The food bank is right in trying to raise awareness: Over the past 18 months, Congress has slashed Supplemental Nutrition Assistance Program benefits twice. More than 47 million people nationwide have an allowance of $29 a week for food. And Congress wants to cut benefits again. Food banks around the country are already strapped as tight as they can go, with 76 percent citing a marked increase in use immediately after the SNAP cuts went into place in late 2013. Recipients who use the benefits (80% of which are women and children) say they run out by the third week of the month. It is a system that cannot sustain itself.
Yet whether or not Paltrow’s actions actually raise awareness long enough for anyone to donate money or time or food to the cause (which should be the end-goal), what she is inadvertently doing is making a mockery of those for whom poverty is not a choice and does not last for a just few days.
It’s poverty tourism, plain and simple, and it needs to stop.
Paltrow is choosing to eat as if she were reliant on SNAP for a week.

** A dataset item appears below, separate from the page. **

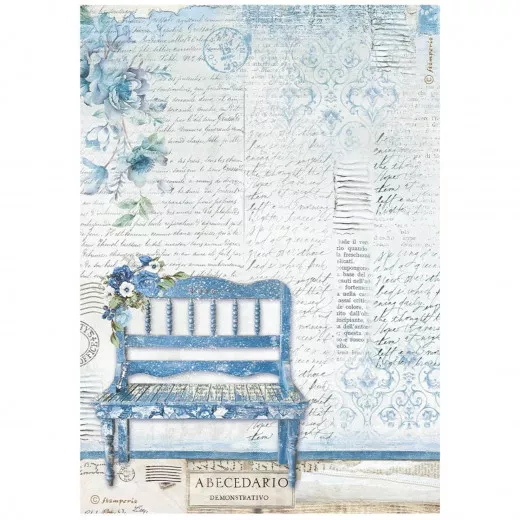 Stamperia Rice Paper - Blue Land - Bench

The thing about poverty, though, is that people do not choose it. There is nothing about poverty that one week can teach anyone with a safety net in place. It’s a game. “Let’s see how far we get on $29 before we have to use our real money!” The contrast is stark.
The point seems to be lost on Paltrow, who tweeted a picture of her $29 haul which included rice, beans, eggs, some leafy greens, and an exorbitant number of limes. It’s almost as if she were trying to prove that you can eat a really healthy diet in New York City on just $29 a week. Can she live on that for a week? Being Gwyneth Paltrow, probably. Is it feasible that a normal person with normal cookware and normal life stresses could? Much less likely.
Paltrow’s trip to Poorville is comparable, though not as bad, to a callous experiment in Orange County, Cali., where three high-powered families ate nothing but food-bank food for a week, again, to raise awareness for hunger. But people already know that other people are hungry. And telling people that others are hungry by pretending to be like them for a short while doesn’t help the lower-income community. In fact, it could even hurt. In the Orange County example, those families took rare fresh produce from those who really needed it.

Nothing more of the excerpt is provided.